Court Report: Mountain West, the most entertaining league of ’em all, readies for its March Madness showcase



Twenty-five years ago, the Mountain West was born out of the rib of another entity, the Western Athletic Conference, and from that genesis came a union of eight schools. These institutions boldly broke free on the brink of a new millennium. Their newfound ties spanned two time zones (how quaint) and spread from the Rockies to the Pacific Ocean to the elevated deserts of New Mexico and up into the high plains of Wyoming. The league’s outposts were a comical culture clash: SoCal chill; Colorado crunchiness; the United States Military Industrial Complex; Mormonism; and, naturally, the Las Vegas Strip. 

The power, persuasion and promise of college sports glory, as we’ve seen through repeated fractured stages of realignment, can bring pretty much almost anyone together. And so it did then, in 1999, with Air Force, BYU, Colorado State, New Mexico, San Diego State, UNLV, Utah and Wyoming. 
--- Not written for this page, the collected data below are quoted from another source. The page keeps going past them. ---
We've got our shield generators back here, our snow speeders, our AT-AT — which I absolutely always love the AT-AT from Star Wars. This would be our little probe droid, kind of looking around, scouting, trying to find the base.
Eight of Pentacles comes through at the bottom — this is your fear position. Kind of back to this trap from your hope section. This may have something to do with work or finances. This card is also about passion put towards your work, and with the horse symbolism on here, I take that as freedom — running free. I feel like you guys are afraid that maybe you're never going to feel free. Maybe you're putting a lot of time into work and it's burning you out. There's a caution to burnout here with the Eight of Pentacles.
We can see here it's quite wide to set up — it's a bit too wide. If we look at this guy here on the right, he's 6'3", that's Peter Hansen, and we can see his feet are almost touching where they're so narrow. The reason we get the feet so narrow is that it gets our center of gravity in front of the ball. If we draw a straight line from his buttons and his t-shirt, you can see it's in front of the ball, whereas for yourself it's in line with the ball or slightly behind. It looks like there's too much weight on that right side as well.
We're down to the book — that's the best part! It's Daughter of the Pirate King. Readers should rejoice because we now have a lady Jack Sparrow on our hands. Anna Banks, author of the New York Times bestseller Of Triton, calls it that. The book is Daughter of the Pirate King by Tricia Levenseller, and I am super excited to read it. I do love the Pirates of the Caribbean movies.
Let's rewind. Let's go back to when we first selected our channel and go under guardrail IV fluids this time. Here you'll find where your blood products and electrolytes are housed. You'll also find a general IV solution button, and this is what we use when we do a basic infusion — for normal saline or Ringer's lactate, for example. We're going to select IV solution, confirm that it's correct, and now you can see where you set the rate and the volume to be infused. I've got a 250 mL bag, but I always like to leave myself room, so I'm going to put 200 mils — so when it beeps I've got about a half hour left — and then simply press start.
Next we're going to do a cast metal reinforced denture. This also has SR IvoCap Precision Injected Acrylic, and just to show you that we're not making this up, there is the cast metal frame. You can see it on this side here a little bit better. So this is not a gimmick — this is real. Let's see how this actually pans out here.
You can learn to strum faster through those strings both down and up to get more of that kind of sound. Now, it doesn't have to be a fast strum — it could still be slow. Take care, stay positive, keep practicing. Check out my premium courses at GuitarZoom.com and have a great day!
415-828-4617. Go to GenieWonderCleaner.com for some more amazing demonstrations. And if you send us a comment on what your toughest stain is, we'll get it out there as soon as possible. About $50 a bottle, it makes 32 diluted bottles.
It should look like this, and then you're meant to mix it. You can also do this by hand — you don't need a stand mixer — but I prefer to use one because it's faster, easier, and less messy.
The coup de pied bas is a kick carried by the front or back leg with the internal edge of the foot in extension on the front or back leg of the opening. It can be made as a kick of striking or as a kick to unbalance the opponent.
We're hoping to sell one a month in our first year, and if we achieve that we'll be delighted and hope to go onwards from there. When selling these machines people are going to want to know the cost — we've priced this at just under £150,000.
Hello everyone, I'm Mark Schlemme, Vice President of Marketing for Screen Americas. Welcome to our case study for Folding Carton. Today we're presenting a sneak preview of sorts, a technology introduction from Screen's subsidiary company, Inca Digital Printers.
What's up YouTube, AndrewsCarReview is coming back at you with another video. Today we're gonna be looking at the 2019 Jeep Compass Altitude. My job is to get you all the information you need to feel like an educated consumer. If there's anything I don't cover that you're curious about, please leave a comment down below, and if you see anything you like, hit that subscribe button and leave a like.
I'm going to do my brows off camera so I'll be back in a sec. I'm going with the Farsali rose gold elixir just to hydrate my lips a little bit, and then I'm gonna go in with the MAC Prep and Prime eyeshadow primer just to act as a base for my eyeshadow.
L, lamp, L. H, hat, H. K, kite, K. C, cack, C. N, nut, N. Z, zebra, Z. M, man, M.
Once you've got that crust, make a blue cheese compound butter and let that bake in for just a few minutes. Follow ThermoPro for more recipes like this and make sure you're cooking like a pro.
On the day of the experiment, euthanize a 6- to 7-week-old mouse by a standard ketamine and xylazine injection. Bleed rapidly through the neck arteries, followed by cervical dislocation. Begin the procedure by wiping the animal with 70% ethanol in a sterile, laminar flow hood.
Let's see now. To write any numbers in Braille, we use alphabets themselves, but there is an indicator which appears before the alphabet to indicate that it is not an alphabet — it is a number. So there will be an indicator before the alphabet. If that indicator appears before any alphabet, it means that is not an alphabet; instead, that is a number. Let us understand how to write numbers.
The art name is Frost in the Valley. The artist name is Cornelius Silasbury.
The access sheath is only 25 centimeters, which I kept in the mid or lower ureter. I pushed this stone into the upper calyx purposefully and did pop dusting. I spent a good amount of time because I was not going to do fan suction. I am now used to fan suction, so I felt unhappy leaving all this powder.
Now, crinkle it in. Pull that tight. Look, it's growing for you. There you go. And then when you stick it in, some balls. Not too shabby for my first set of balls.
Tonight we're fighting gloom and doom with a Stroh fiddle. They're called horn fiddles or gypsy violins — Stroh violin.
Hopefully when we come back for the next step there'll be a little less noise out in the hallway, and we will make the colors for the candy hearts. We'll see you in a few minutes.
Today, six of those original eight remain; BYU eventually bolted for the WCC and is now in the Big 12, while Utah will join its Holy War brethren later this year after abandoning the Pac-12. Over the years, the Mountain West bolstered by bringing aboard Boise State, Fresno State, Nevada, San Jose State and Utah State to get membership (for now) to 11 schools. So many of these decisions are made for football, but it’s March, and we’re here to talk about hoops. Over the past two and a half decades, the Mountain West’s held a sturdy-yet-fluctuating place in college basketball, ranking top-10 at KenPom.com in all years except one (2020-21; it was No. 11).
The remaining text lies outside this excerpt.